First, let’s take a minute and discuss what IPS is and how it works. IPS stands for in-person sales. It usually means that the photographer doesn’t reveal photos to their clients until they’re sitting down in person. Then you can discuss and showcase the products you sell with them and get them to buy prints and products.

As we all know one of the most heavily debated topics and areas where photographers disagree in the industry is the subject of print sales. We argue over how much we should sell prints for, whose business model is best, why everyone should do things with digital files or why everyone should be doing IPS. I’m not arguing for any of these things. I would argue that what is most important is valuing what you do and choosing a business model that works for your lifestyle. Not all businesses have to do things the same way which is part of what makes us successful. I think it’s awesome that there are so many ways to structure photography businesses.

As a photographer I believe we can learn things from exploring all different types of business models. I’ve been a digital file only kind of photographer and an IPS photographer as well as everything in between. There are so many great posts and resources out on the internet that help IPS photographers or get into that business model. I wanted to write a post for the photographer who includes digital files in their session fees on how they can still benefit and sell prints and products even if IPS isn’t for them. Ultimately I think it’s important for any photographer to try and include print and product sales for their clients. IPS or not, photos shouldn’t just end up on a USB or file on a computer – they should be shown off!

That’s really what it comes down to for me. I ran a very successful IPS style business several years ago. I was a huge fan and promoted that business model – even here on this blog actually! However as life changes so do priorities and where I wanted to put my energies as well as what I wanted my business to look like. I wanted to include digital files, but I also wanted to sell prints. I wanted to find a way to sell prints successfully online without having to do IPS sessions with my clients.

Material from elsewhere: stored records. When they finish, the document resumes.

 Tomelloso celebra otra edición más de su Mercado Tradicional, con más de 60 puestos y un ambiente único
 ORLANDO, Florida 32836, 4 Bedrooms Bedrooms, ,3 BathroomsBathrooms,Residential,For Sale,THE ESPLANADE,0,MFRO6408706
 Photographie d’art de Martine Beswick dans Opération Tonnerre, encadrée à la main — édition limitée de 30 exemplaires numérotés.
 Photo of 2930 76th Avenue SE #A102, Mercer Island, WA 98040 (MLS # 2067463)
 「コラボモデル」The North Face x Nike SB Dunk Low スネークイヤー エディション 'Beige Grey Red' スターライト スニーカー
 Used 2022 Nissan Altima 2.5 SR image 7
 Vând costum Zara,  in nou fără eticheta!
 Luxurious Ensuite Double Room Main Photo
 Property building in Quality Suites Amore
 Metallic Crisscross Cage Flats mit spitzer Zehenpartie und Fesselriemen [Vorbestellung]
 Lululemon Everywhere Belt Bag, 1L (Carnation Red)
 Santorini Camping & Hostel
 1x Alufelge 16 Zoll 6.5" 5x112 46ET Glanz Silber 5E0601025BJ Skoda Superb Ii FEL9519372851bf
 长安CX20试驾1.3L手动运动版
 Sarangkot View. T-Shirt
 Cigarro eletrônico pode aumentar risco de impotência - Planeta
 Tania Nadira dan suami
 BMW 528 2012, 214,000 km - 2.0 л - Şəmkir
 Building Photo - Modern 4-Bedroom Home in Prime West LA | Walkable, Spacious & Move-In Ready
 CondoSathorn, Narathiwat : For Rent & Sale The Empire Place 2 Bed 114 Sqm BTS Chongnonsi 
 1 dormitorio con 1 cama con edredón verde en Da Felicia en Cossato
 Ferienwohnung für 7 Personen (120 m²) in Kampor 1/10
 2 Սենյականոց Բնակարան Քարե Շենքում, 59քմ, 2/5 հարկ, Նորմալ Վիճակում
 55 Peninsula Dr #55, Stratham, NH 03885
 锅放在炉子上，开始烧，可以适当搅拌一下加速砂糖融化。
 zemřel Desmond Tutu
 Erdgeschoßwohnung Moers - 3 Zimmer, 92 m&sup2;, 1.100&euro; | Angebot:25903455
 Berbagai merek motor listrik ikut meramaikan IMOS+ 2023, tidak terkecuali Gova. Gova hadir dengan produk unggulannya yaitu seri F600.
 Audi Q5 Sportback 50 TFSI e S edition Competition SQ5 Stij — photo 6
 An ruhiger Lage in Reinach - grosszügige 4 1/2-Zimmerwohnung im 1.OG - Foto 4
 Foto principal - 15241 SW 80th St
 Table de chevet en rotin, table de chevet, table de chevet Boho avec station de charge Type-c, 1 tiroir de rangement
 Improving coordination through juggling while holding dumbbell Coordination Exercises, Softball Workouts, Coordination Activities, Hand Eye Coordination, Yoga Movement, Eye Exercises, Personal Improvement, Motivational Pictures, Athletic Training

I put together this blog post to share a few tips on selling products if you aren’t doing IPS. I know some of us it just doesn’t fit our vision of where your business will go, or maybe you really don’t have time and energy to dedicate to it. If you’re interested in IPS and want to learn more we have some great photographers who use this technique in our Photography Awesomesauce community online – I highly encourage you to ask questions and see how other photographers are doing it!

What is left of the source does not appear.